Sunday morning opens with a cacophony of hymns on the drawing room family piano deep in the wild west. Things can only get better, as the Belfast singer D:Ream famously once hoped. Eucharist is just sliding into memory at Belfast Cathedral by the time we glide up to the east coast bright lights. Sunday lunch is just a block away in St Anne’s Square. Dumpling Library is a gourmet rather than literary experience. Gucci clad model Janice Blakley joins us for lunch.

Covering most Oriental bases our waitress confirms, “The Dumpling Library is Asian, Canton, Chinese and Malaysian fusion. Sundays are our busiest day.” A solitary unbusy unhurried diner sitting at an island table is reading Never Split the Difference by Chris Voss under a crimson heart dangling from the ceiling. Fried spinach wontons, Japanese tofu, prawn avocado tempura, salt chilli tofu, sweet potato chips … we’re on a (kimchi) roll at our window table.

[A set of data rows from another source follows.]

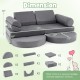 Gray 13-piece convertible modular kids play couch with soft velvet covers, ideal for active play in nurseries or.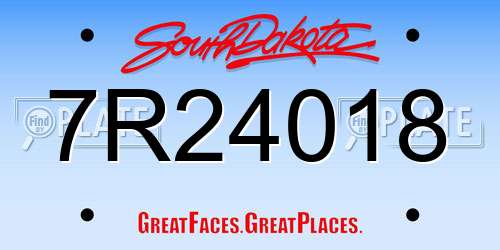7R24018 South Dakota License Plate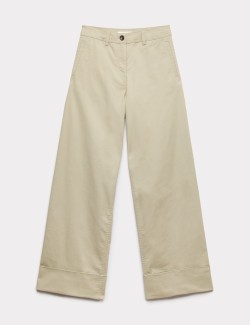 Cotton Rich Turn Up Wide Leg Chinos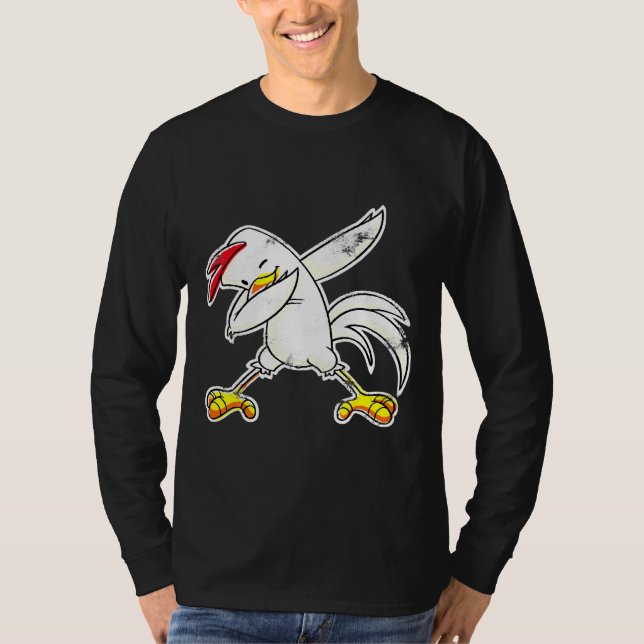 Chick Hen Dabbing Chicken   T Shirt (Framsida)
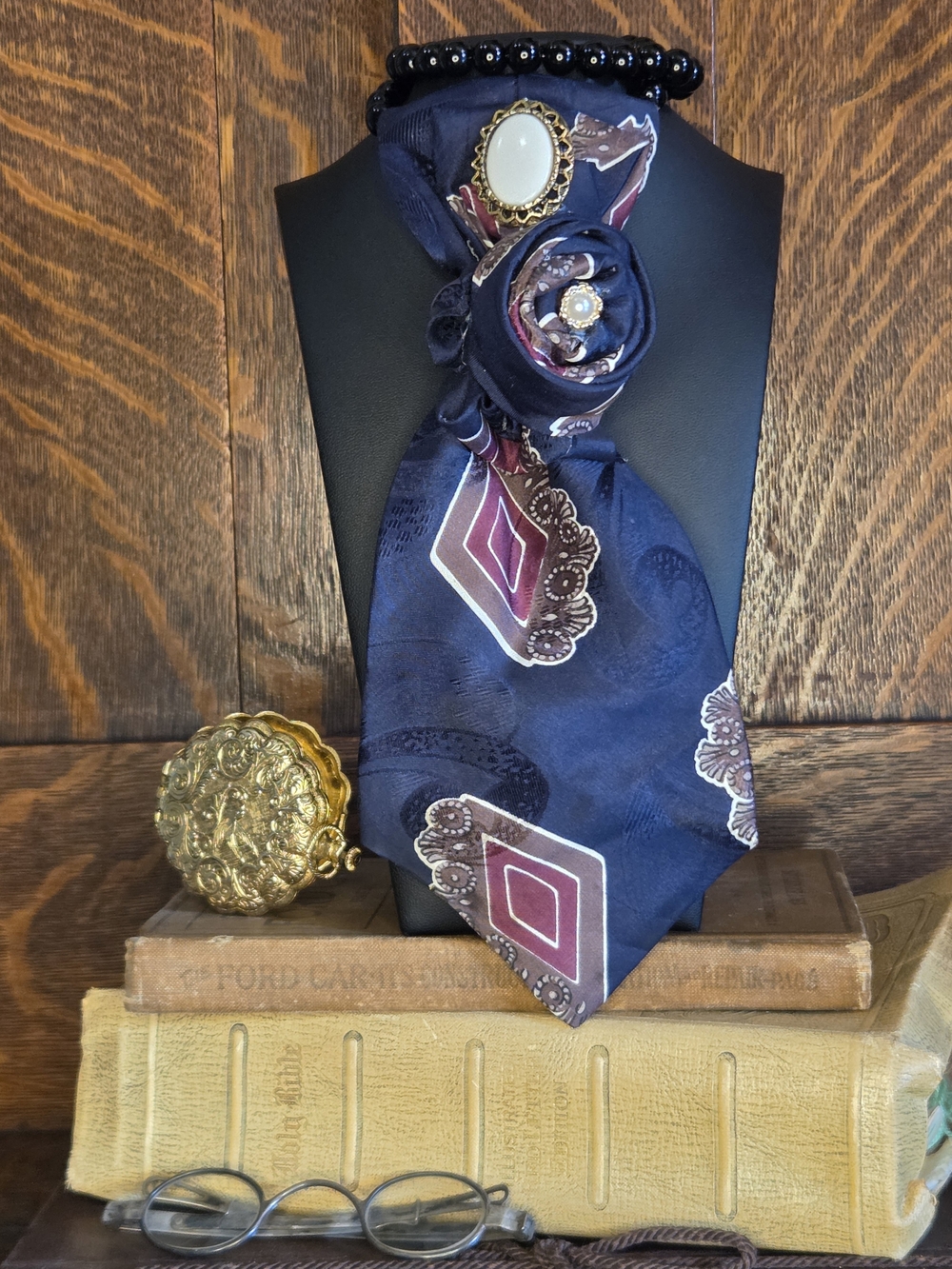 Navy Silk Paisley Ascot Tie with Burgundy Accents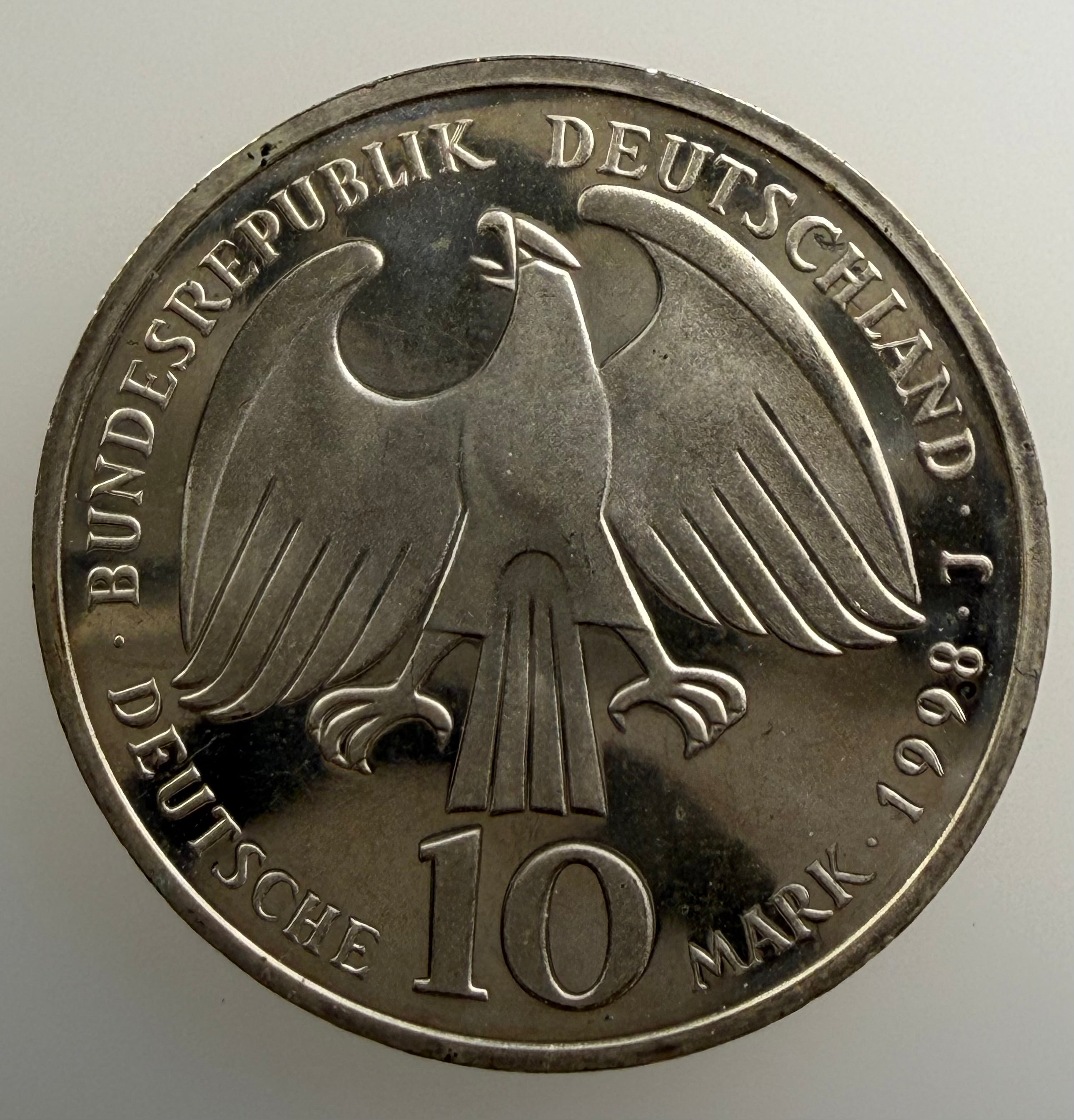 1998 J Germany Silver 10 Deutsche Mark – 350th Anniversary of the Peace of Westphalia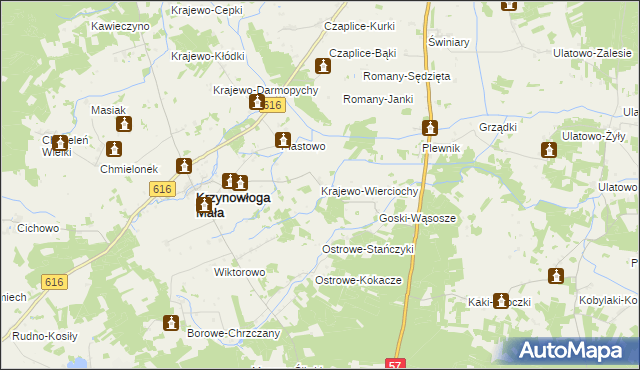 mapa Krajewo-Wierciochy, Krajewo-Wierciochy na mapie Targeo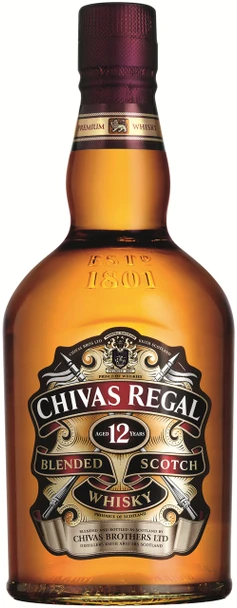 Bottle of Chivas Regal 12 Year Old blended Scotch whisky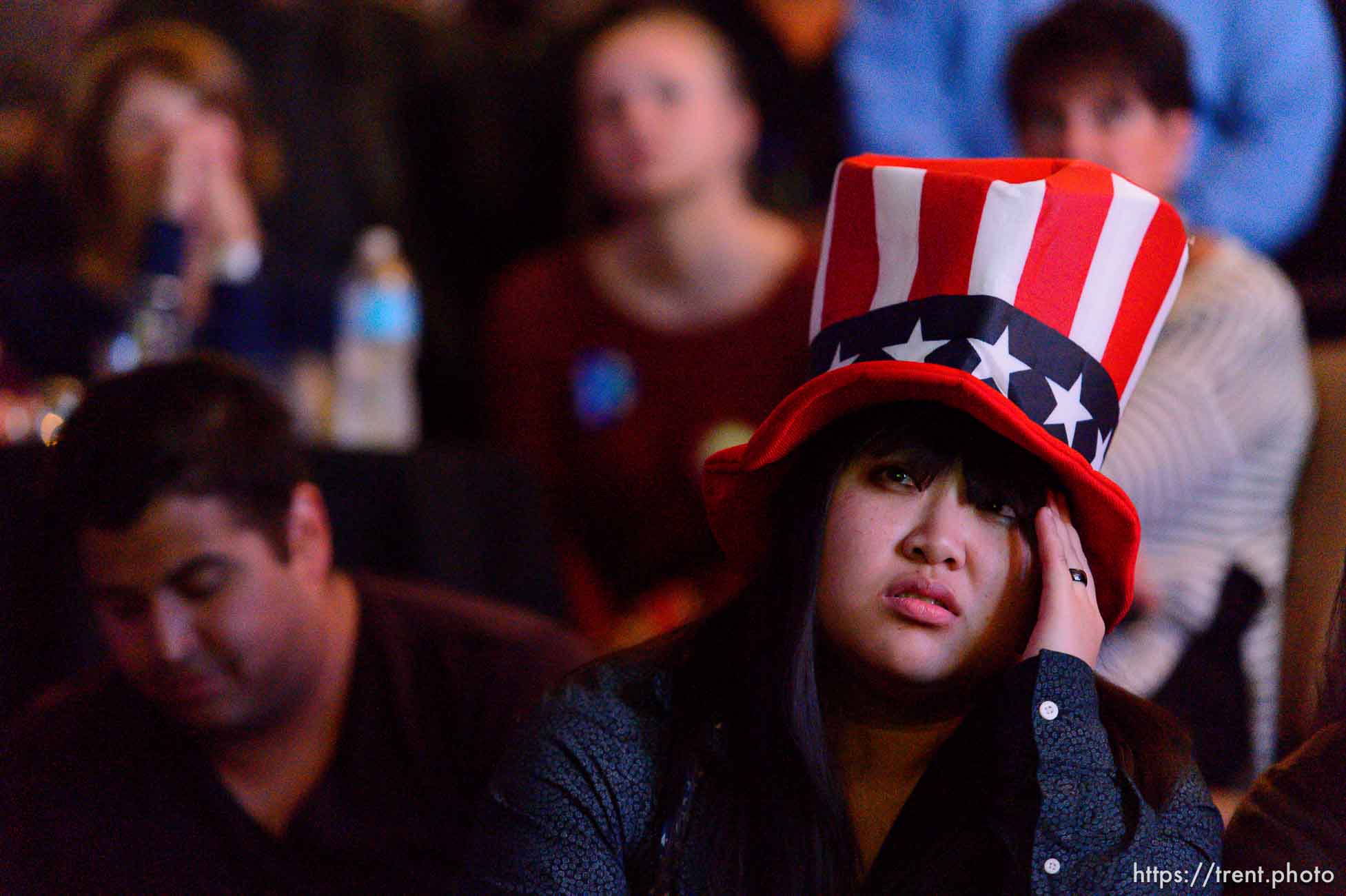 Trent Nelson  |  The Salt Lake Tribune
Sophia Keo reacts to results in the Presidential election at the Utah Democrats Election Night Party at the Sheraton Hotel in Salt Lake City, Tuesday November 8, 2016.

Pastiche. Yawn. The most unoriginal cliché. An architectural criticism crime. Every glass building is a Meisian copy you might as well say. Neo Geo is neo Geo is neo Geo which sounds dogmatically Gertrude Steinian and rightly so. An accusation of pastiche – and St Anne’s Square has had more than its unjust desserts – is about as original as claiming somewhere has been “restored to its former glory”. What glory? When? Really? The only glory left is in knickerbocker glory. Jonathan Meades gets it spot on as always in his essay France in the collection Pedro and Ricky Come Again, 2020, “… worldwide scream of accusatory architects: ‘Pastiche!’ The architectural doxa decrees that pastiche is a Very Bad Thing Indeed. The collective convention forgets the history of architecture is the history of pastiche and theft: von Klenze’s Walhalla above the Danube is based on the Parthenon; G G Scott’s St Pancras borrows from Flemish cloth halls; Arras’s great squares are imitations of themselves.”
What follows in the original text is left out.